No worries. You scored.


----------



## Cherryville Chuck (Sep 28, 2010)

That was a great score. You're right about the actual value of the caliper but they are an invaluable tool in the shop. I keep one handy that reads in fractions and millimeters. I started a thread once to see how many use one and how many uses they found for it but I don't remember the thread going very far so I'm not sure if that many members use them.

The biggest issue with my PC tools has been bearings. Upon replacing them I found PC used some of the cheapest they could source. Stick says replace them with a ceramic one if they go and you'll never have to worry about the bearing again. If any of mine go again that's what I'll do.


----------



## ranman (Oct 27, 2017)

Cherryville Chuck said:


> That was a great score. You're right about the actual value of the caliper but they are an invaluable tool in the shop. I keep one handy that reads in fractions and millimeters. I started a thread once to see how many use one and how many uses they found for it but I don't remember the thread going very far so I'm not sure if that many members use them.
> 
> The biggest issue with my PC tools has been bearings. Upon replacing them I found PC used some of the cheapest they could source. Stick says replace them with a ceramic one if they go and you'll never have to worry about the bearing again. If any of mine go again that's what I'll do.


They had two pairs of 6" calipers. One had a ever so slight misalignment so I got the 'good one' :grin: It goes to zero consistently ad feels very smooth.
I have a dial indicator also. I used that to check the flatness of the top insert plate of the lift I'm making and to see if the shaft is perfectly square to the plate.
The plate is off .017 towards one corner about 6 inches out from the shaft.... that's about the thickness of 5 sheets of paper. On a left to right plane through the center of the plate, it was almost perfect.
My old calipers (Chines also) went bad after 5 years of abuse........ they were used when I bough them also. They are really a must have tool.

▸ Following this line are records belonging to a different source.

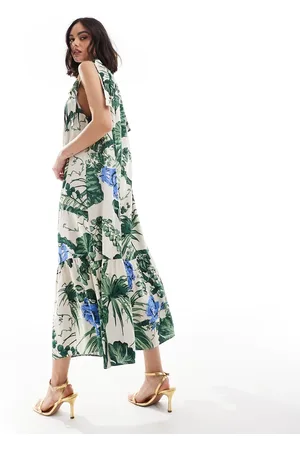 & OTHER STORIES & tiered hem maxi dress with gathered tie neck detail and keyhole back in floral leaf print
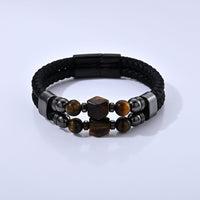 Green Aventurine 50.00 ctw Leather Bracelet in ION Plated Black Stainless Steel (8.50 In)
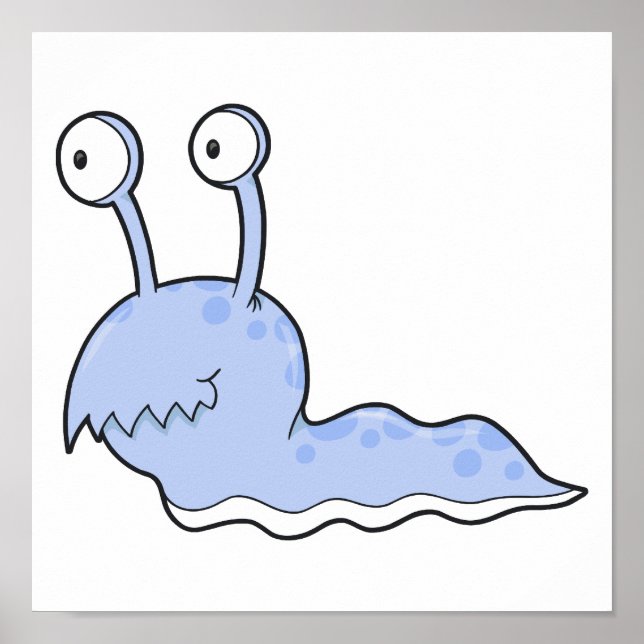 silly sluggy blue monster poster (Front)
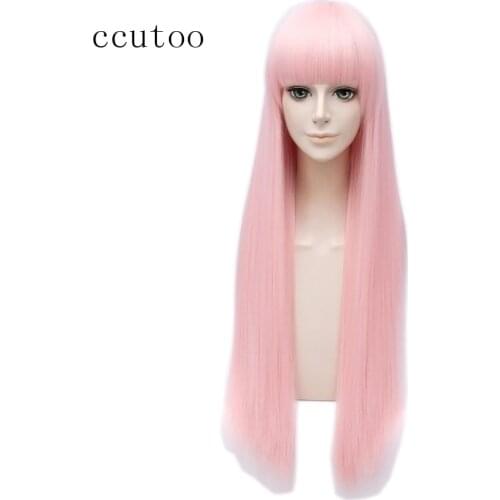 Ccutoo wig DARLING in the FRANXX 02 Cosplay Wigs Zero Two Wigs 80cm Long Pink Synthetic Hair Heat Resistance Cosplay Wig Hair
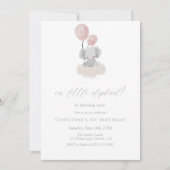 Pink Elephant First Birthday Invitation 招待状 (正面)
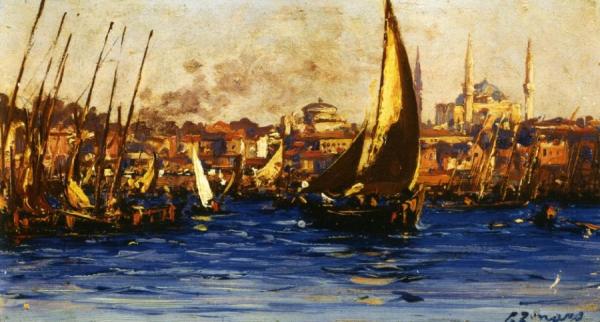 The Port Of Istambul by Fausto Zonaro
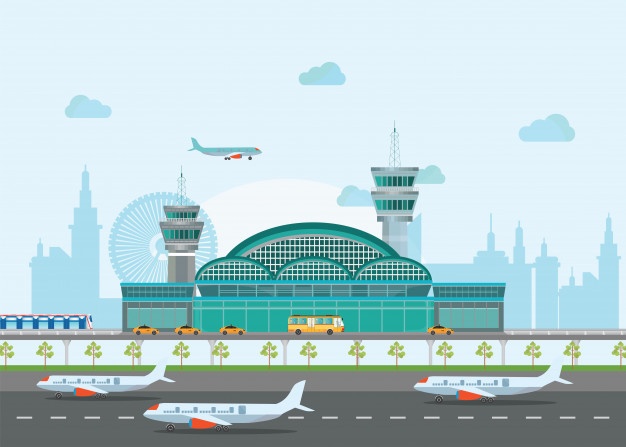 Building Airport With Runway And Plane Vector Premium Download 626x447 Building Airport With Runway And Plane Vector Premium Download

A wood flooring company told about using calipers to tell when wood flooring is acclimated to a home's environment. They said deliver the wood to the home and pull a few boards from the boxes. Next, measure the board width in a handful of places and mark them with blue tape. Wait a week, then come back and re-measure the same places as before. Then wait another week and repeat. If the board width measurements from week 1 and week 2 are the same, it's ready to nail down. Neat idea.


----------



## ranman (Oct 27, 2017)

vchiarelli said:


> I've had a PC690 for a number of years and always liked it. Sounds like you got a good deal.
> 
> That U-shaped thing sounds like you're describing an edge guide. If you post a picture we can confirm.


That's it. Thanks.


----------



## Cherryville Chuck (Sep 28, 2010)

One of the main uses for my caliper is as a depth gauge to check to see if dowel holes are deep enough or if the depth of a rabbet is the right depth for example.


----------



## ranman (Oct 27, 2017)

Cherryville Chuck said:


> One of the main uses for my caliper is as a depth gauge to check to see if dowel holes are deep enough or if the depth of a rabbet is the right depth for example.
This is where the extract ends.